Pros: maximum feature reuse, fewer parameters than ResNet for similar accuracy. Cons: memory grows linearly with depth within a block — handled by transitions.

Conv block

A small conv block (BN → ReLU → 3×3 conv) is the unit; a DenseBlock will reuse it repeatedly.

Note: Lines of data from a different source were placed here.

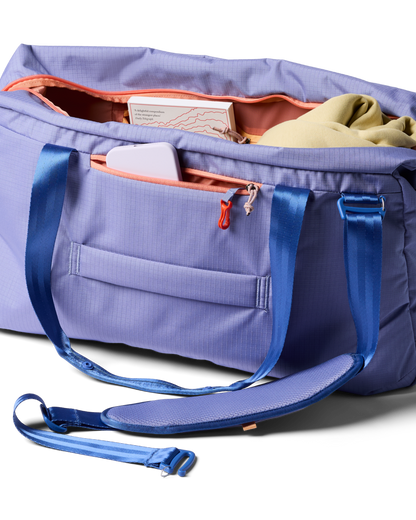 Viaje 45L Travel Duffel - Aster - US 9831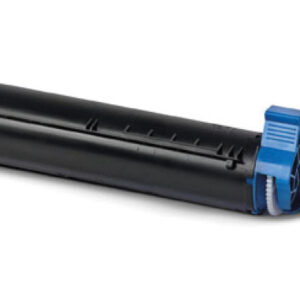 OKI       Toner                  schwarz 45807106  B412/432           7000 Seiten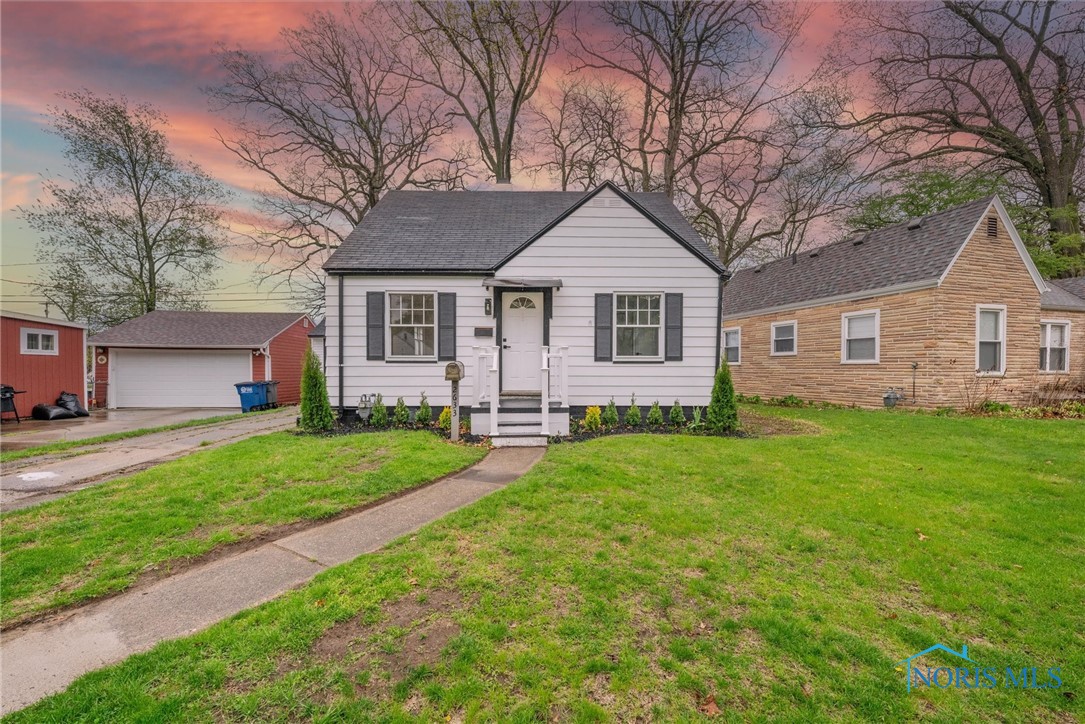 2633 Thoman Place, Toledo, Ohio image 1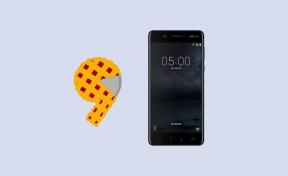 Изтеглете Инсталирайте Nokia 5 Android 9.0 Pie Актуализиране ръчно [V6.12E]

from d2l import jax as d2l
from flax import linen as nn
from jax import numpy as jnp
import jax
class ConvBlock(nn.Module):
    num_channels: int
    training: bool = True

    @nn.compact
    def __call__(self, X):
        Y = nn.relu(nn.BatchNorm(not self.training)(X))
        Y = nn.Conv(self.num_channels, kernel_size=(3, 3), padding=(1, 1))(Y)
        Y = jnp.concatenate((X, Y), axis=-1)
        return Y

Now stack the conv blocks. After each block, concatenate its new features onto the running input, so later blocks see everything computed so far.

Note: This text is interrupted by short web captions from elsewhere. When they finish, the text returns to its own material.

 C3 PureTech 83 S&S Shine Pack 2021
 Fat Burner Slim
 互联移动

class DenseBlock(nn.Module):
    num_convs: int
    num_channels: int
    training: bool = True

    def setup(self):
        layer = []
        for i in range(self.num_convs):
            layer.append(ConvBlock(self.num_channels, self.training))
        self.net = nn.Sequential(layer)

    def __call__(self, X):
        return self.net(X)

Channel growth

A DenseBlock(num_convs=2, num_channels=10) on a 3-channel input grows channels by num_convs * num_channels per block:

blk = DenseBlock(2, 10)
X = jnp.zeros((4, 8, 8, 3))
Y = blk.init_with_output(d2l.get_key(), X)[0]
Y.shape
(4, 8, 8, 23)

Transition layer

Stops the channel explosion between dense blocks: 1×1 conv halves channels, 2×2 avg-pool halves spatial dims:

class TransitionBlock(nn.Module):
    num_channels: int
    training: bool = True

    @nn.compact
    def __call__(self, X):
        X = nn.BatchNorm(not self.training)(X)
        X = nn.relu(X)
        X = nn.Conv(self.num_channels, kernel_size=(1, 1))(X)
        X = nn.avg_pool(X, window_shape=(2, 2), strides=(2, 2))
        return X
blk = TransitionBlock(10)
blk.init_with_output(d2l.get_key(), Y)[0].shape
(4, 4, 4, 10)

The DenseNet model

A standard “stem → dense block → transition → dense block → transition → … → global avg-pool → linear” pipeline:

class DenseNet(d2l.Classifier):
    num_channels: int = 64
    growth_rate: int = 32
    arch: tuple = (4, 4, 4, 4)
    lr: float = 0.1
    num_classes: int = 10
    training: bool = True

    def setup(self):
        self.net = self.create_net()

    def b1(self):
        return nn.Sequential([
            nn.Conv(64, kernel_size=(7, 7), strides=(2, 2), padding='same'),
            nn.BatchNorm(not self.training),
            nn.relu,
            lambda x: nn.max_pool(x, window_shape=(3, 3),
                                  strides=(2, 2), padding='same')
        ])
def create_net(self):
    net = self.b1()
    for i, num_convs in enumerate(self.arch):
        net.layers.extend([DenseBlock(num_convs, self.growth_rate,
                                      training=self.training)])
        # The number of output channels in the previous dense block
        num_channels = self.num_channels + (num_convs * self.growth_rate)
        # A transition layer that halves the number of channels is added
        # between the dense blocks
        if i != len(self.arch) - 1:
            num_channels //= 2
            net.layers.extend([TransitionBlock(num_channels,
                                               training=self.training)])
    net.layers.extend([
        nn.BatchNorm(not self.training),
        nn.relu,
        lambda x: nn.avg_pool(x, window_shape=x.shape[1:3],
                              strides=x.shape[1:3], padding='valid'),
        lambda x: x.reshape((x.shape[0], -1)),
        nn.Dense(self.num_classes)
    ])
    return net

Training

model = DenseNet(lr=0.01)
trainer = d2l.Trainer(max_epochs=10, num_gpus=1)
data = d2l.FashionMNIST(batch_size=128, resize=(96, 96))
trainer.fit(model, data)

DenseNet hits competitive ImageNet accuracy with far fewer parameters than equivalent ResNets — the concatenation reuse genuinely helps.

Recap

  • ResNet adds skip connections; DenseNet concatenates them.
  • Inside a dense block, layer \ell sees all of layers 0, …, \ell-1 — maximum feature reuse.
  • Transition layers between dense blocks rein in the channel-count explosion via 1×1 conv + pool.
  • Same parameter count → typically better accuracy than ResNet; same accuracy → fewer parameters.